In particular embodiments, computer system 900 includes a processor
902, memory 904, storage 906, an input/output (I/O) interface 908,
a communication interface 910, and a bus 912. Although this
disclosure describes and illustrates a particular computer system
having a particular number of particular components in a particular
arrangement, this disclosure contemplates any suitable computer
system having any suitable number of any suitable components in any
suitable arrangement.
In particular embodiments, processor 902 includes hardware for
executing instructions, such as those making up a computer program.
As an example and not by way of limitation, to execute
instructions, processor 902 may retrieve (or fetch) the
instructions from an internal register, an internal cache, memory
904, or storage 906; decode and execute them; and then write one or
more results to an internal register, an internal cache, memory
904, or storage 906. In particular embodiments, processor 902 may
include one or more internal caches for data, instructions, or
addresses. This disclosure contemplates processor 902 including any
suitable number of any suitable internal caches, where appropriate.
As an example and not by way of limitation, processor 902 may
include one or more instruction caches, one or more data caches,
and one or more translation lookaside buffers (TLBs).

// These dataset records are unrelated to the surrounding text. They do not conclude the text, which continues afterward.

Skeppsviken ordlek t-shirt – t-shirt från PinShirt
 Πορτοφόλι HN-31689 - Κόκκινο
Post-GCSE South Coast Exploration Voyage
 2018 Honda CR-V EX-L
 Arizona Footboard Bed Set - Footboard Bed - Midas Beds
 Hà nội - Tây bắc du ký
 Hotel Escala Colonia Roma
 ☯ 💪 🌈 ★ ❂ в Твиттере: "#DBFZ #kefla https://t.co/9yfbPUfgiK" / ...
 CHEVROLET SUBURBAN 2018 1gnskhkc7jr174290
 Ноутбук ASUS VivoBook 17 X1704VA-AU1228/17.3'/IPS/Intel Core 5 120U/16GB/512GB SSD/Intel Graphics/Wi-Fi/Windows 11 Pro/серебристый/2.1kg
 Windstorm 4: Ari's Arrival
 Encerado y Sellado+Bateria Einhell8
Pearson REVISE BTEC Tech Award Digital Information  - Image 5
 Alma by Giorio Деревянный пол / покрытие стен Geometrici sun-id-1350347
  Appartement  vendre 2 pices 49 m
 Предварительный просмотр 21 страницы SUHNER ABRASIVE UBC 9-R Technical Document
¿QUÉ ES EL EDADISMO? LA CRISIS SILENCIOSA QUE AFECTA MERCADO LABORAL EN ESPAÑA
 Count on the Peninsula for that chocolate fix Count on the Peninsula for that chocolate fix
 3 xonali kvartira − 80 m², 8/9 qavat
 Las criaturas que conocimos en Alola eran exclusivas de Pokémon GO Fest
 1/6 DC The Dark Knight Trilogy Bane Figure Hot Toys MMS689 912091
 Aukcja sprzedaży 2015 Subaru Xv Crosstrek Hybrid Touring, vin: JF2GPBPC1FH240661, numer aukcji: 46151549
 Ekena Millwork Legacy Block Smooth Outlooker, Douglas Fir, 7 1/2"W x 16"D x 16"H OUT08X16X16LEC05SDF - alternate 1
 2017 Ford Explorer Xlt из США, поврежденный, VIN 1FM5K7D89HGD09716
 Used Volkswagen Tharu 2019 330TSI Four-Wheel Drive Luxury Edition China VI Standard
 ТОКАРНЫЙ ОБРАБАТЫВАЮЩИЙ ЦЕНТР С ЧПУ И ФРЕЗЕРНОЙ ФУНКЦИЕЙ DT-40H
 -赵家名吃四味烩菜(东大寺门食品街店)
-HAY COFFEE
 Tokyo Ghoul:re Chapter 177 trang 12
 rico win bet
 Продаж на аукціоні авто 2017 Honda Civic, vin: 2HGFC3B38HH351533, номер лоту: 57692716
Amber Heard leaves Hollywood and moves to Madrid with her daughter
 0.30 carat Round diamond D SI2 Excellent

Instructions
in the instruction caches may be copies of instructions in memory
904 or storage 906, and the instruction caches may speed up
retrieval of those instructions by processor 902. Data in the data
caches may be copies of data in memory 904 or storage 906 for
instructions executing at processor 902 to operate on; the results
of previous instructions executed at processor 902 for access by
subsequent instructions executing at processor 902 or for writing
to memory 904 or storage 906; or other suitable data. The data
caches may speed up read or write operations by processor 902. The
TLBs may speed up virtual-address translation for processor 902. In
particular embodiments, processor 902 may include one or more
internal registers for data, instructions, or addresses. This
disclosure contemplates processor 902 including any suitable number
of any suitable internal registers, where appropriate. Where
appropriate, processor 902 may include one or more arithmetic logic
units (ALUs); be a multi-core processor; or include one or more
processors 902. Although this disclosure describes and illustrates
a particular processor, this disclosure contemplates any suitable
processor.
In particular embodiments, memory 904 includes main memory for
storing instructions for processor 902 to execute or data for
processor 902 to operate on. As an example and not by way of
limitation, computer system 900 may load instructions from storage
906 or another source (such as, for example, another computer
system 900) to memory 904. Processor 902 may then load the
instructions from memory 904 to an internal register or internal
cache. To execute the instructions, processor 902 may retrieve the
instructions from the internal register or internal cache and
decode them. During or after execution of the instructions,
processor 902 may write one or more results (which may be
intermediate or final results) to the internal register or internal
cache. Processor 902 may then write one or more of those results to
memory 904. In particular embodiments, processor 902 executes only
instructions in one or more internal registers or internal caches
or in memory 904 (as opposed to storage 906 or elsewhere) and
operates only on data in one or more internal registers or internal
caches or in memory 904 (as opposed to storage 906 or elsewhere).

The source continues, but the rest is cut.